Who marked off its dimensions? Surely you know! (38:4-5)
The Narrative Conclusion
In Job 42, the storyline picks up where it left off in Job 2. Job apologizes all over himself for his presumption. Then, god tells Job's buddies that they have spoken of him incorrectly, and gives them instructions for making a sacrifice of atonement. To this extent, God seems to indirectly refute the notion that all suffering is divine retribution for sin.
Except, Job said that too at one point (although, see below), and God doesn't assign him any sacrifices. Indeed, God seems to be pouring on the rewards. Job is healed, his family comes around to visit, and in short order he has twice as much livestock as he did before. In the fullness of time, he has another seven sons and another three daughters, and -- this is stressed -- his second set of daughters is even prettier than the first ones were! So, Job's a lucky guy! I guess! And he lives to be really old.
So I looked up Job in Peloubet's Bible Dictionary, copyright 1925, which Mrs.5000 purchased for me last weekend at an estate sale. (Mrs.5000 is freaking awesome.) According to PBD, Job "stands as the greatest poem in the world's great literatures." Hmm. Also, that "it is almost universally agreed that the basis of the Book of Job was an historical fact; that Job was a real man who underwent such severe trials and disasters that they made a lasting impression upon his age...." Hmm. "Every good man's life in the end is a success. With God's children there are no life-tragedies. There are dramas and lyric songs and epics, but no tragedies." Hmm.
So, I turned to the more modern Oxford Companion to the Bible. Here, we learn that Job "is not only a work of intellectual vigor; it is also a literary masterpiece that belongs with the classics of world literature." More usefully, the OCB summarizes some critical scholarship on Job. I am, apparently, not the first to notice that much of what Job says is actually an argument against what otherwise seems to be his main point. Most Job scholars apparently feel that the Book only makes sense with the speeches shuffled somewhat, so that chunks of Job's speeches are reassigned to various of his three buddies. I hope I am not too curmudgeonly to feel that a record of a discussion in which there is literally no way to keep the various lines of argument distinct from each other has some fundamental problems with its cred as a "work of intellectual vigor."

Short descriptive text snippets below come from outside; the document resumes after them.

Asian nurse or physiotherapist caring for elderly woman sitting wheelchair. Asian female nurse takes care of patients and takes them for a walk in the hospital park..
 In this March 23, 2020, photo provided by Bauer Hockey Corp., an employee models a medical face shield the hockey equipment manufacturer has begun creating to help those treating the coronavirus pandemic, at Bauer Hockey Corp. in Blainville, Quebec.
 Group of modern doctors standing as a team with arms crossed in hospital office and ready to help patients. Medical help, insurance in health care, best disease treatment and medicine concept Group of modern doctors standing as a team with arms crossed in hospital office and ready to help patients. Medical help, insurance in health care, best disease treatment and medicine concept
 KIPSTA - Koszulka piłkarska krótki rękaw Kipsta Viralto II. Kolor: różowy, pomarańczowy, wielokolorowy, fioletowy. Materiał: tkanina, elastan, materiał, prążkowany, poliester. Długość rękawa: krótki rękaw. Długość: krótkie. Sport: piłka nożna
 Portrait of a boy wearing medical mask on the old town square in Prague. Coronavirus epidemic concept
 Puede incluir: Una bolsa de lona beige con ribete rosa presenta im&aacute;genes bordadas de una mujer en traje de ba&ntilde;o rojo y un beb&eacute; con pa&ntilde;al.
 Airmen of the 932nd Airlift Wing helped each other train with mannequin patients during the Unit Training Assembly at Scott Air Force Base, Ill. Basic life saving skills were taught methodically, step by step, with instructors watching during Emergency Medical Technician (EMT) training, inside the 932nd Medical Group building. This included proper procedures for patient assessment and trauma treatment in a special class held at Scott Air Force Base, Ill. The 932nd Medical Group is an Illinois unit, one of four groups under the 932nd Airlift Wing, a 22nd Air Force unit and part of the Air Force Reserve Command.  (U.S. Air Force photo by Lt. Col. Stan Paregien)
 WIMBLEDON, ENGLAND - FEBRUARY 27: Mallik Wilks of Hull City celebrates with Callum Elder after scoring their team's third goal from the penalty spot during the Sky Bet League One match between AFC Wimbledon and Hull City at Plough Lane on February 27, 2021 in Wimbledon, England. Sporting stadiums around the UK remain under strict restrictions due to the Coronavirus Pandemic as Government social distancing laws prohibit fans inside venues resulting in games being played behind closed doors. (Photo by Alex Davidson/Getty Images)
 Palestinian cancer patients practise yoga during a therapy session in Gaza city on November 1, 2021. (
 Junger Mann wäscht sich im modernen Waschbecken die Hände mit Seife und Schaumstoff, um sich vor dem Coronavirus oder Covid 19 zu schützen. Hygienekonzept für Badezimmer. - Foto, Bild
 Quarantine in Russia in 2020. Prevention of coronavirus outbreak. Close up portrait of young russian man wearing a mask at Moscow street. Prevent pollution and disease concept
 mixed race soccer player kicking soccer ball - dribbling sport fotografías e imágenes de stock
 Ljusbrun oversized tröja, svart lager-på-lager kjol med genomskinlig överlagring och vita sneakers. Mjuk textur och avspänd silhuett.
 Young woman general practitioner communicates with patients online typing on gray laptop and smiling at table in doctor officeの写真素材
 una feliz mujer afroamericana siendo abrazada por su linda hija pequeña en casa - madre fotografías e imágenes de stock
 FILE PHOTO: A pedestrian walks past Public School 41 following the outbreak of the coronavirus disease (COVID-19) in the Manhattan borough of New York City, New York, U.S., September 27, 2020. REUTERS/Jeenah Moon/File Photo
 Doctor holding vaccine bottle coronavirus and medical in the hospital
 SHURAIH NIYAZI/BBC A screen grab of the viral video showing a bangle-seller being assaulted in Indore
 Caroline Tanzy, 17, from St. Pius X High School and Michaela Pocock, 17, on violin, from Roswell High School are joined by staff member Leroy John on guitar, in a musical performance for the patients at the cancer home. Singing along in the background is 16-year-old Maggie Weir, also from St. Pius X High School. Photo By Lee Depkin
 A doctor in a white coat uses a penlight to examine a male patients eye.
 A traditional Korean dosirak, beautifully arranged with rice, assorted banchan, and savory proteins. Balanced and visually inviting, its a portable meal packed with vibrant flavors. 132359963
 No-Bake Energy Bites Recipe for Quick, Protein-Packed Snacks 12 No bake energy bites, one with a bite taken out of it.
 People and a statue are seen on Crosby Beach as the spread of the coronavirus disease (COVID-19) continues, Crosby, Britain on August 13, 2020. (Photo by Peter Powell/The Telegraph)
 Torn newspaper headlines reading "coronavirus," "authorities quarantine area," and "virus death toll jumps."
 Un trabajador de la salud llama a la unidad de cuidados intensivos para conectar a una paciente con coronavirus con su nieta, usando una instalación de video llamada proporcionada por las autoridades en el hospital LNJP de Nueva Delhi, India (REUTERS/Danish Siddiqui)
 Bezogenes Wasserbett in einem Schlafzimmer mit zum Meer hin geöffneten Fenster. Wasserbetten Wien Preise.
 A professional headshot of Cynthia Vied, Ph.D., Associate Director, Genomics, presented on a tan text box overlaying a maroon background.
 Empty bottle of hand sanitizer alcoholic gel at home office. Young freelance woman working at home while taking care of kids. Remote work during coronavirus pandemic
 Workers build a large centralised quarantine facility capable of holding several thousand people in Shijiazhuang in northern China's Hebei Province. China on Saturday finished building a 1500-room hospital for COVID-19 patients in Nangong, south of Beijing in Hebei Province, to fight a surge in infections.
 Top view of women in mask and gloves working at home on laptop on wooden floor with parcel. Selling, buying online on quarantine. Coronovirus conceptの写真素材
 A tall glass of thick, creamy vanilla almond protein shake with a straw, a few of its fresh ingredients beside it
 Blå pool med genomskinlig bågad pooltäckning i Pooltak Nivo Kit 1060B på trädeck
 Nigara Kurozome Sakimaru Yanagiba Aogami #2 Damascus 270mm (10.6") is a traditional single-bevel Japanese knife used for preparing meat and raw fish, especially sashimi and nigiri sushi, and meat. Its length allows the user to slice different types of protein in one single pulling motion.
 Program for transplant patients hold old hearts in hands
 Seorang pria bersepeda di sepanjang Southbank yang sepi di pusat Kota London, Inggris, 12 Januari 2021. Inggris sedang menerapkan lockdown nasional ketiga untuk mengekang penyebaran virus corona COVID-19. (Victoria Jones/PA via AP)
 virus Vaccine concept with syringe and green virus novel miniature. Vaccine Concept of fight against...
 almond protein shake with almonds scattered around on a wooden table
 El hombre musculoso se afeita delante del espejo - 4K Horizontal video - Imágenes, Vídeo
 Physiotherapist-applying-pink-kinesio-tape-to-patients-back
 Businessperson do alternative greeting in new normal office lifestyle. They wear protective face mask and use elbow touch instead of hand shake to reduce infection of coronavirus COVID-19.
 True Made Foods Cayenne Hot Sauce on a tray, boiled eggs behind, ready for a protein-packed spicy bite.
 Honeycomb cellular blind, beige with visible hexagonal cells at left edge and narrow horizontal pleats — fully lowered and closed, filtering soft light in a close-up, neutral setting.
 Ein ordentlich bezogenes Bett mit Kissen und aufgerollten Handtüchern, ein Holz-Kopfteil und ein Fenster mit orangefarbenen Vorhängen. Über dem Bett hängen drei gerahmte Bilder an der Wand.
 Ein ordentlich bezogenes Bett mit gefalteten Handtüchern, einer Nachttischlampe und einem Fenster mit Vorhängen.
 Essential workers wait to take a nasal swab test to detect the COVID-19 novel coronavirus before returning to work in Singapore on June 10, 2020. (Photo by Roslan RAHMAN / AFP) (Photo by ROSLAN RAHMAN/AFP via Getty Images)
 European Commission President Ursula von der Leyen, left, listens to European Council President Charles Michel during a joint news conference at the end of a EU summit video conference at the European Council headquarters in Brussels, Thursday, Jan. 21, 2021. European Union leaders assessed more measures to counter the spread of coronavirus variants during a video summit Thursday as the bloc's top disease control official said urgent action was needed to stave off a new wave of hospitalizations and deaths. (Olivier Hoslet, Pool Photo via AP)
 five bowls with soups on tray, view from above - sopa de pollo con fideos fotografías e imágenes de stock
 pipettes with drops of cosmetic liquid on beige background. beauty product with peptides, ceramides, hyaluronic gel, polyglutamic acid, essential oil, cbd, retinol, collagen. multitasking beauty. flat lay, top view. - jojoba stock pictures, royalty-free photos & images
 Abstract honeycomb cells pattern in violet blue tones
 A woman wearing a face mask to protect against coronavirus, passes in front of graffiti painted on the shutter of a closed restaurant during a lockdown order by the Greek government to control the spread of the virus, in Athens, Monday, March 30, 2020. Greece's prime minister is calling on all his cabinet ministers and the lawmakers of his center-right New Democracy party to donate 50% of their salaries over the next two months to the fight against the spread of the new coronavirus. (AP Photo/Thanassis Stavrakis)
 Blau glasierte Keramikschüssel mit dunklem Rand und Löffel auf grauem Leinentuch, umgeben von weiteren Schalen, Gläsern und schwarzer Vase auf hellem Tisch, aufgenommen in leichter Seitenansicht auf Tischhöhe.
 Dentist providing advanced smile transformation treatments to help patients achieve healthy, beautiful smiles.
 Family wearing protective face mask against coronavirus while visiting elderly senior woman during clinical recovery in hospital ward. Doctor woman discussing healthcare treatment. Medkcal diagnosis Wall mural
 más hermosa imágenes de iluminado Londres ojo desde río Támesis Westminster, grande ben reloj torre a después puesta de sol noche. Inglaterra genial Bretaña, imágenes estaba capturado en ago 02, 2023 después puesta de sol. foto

It is frankly silly to call it a "literary masterpiece." Although, who knows, it might sound amazing in Hebrew. In English translation, though, it is opaque, repetitive, confused, and dull. It is extremely interesting as a record of the thought of people who lived long ago, and no doubt that interest only increases for someone with real specialist expertise in Biblical scholarship. To the extent that the intent of the poem was "literary" as we understand the word, however -- something that seems awfully unlikely -- the most that can be said is that it is really, really, really old.
I am not just blandly naysaying the OCB here. Really, I think that it is important to call out anyone who declares a text this unapproachable and turgid to be overbrimming with literary merit. For when someone is told this, and then runs up against the brick wall of a text manifestly lacking in any kind of literary value as the term is commonly understood, their inclination may well be to dismiss the text -- the Bible, in this case -- as something unapproachable by any means. Or, they may just assume that they are not smart enough to appreciate great literary works, and as a result reject the possibilities of literature in general. In this way are lives made less rich.
If you approach the Book of Job expecting a literary masterpiece, I absolutely, positively guarantee you that you will be utterly disappointed. If you approach it expecting a real muddle of a theological discussion, you will probably be able to glean some ideas from among its chaos. I hope, having had this warning, you fare better than me. Please report back!